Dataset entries
=== Begin Enclosure ===
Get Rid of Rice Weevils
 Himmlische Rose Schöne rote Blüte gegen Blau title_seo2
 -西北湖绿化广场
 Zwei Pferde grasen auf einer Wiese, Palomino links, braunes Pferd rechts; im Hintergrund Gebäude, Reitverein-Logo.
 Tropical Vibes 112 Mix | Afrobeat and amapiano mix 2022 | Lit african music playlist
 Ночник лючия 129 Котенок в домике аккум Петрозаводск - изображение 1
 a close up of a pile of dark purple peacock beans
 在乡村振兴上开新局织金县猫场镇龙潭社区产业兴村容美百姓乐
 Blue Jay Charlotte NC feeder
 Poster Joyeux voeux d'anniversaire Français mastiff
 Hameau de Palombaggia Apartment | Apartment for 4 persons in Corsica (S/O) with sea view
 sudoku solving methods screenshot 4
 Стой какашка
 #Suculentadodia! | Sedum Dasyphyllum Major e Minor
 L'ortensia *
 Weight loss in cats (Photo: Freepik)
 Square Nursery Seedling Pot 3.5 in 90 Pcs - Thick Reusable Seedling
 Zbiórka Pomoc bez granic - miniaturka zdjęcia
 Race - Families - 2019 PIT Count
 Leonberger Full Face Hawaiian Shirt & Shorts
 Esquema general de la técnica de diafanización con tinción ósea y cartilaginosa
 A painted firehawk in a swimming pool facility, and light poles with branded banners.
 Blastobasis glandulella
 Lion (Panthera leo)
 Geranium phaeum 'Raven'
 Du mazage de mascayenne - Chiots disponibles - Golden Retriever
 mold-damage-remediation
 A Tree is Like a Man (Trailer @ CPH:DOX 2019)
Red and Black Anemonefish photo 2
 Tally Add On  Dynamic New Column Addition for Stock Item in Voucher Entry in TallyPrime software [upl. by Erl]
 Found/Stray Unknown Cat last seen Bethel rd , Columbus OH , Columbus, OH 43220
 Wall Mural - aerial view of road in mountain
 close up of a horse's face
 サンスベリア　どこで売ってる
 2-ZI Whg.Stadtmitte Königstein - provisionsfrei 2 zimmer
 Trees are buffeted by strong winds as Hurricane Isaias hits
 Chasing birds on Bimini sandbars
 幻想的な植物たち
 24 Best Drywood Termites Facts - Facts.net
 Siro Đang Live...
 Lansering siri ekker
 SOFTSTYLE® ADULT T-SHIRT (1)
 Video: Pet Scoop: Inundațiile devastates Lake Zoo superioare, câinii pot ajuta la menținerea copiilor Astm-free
=== End Enclosure ===
#### [Exercise goal]
Could you state the number of lines above in which the word "close" appears? Give that number by itself.

#### [Written solution]
2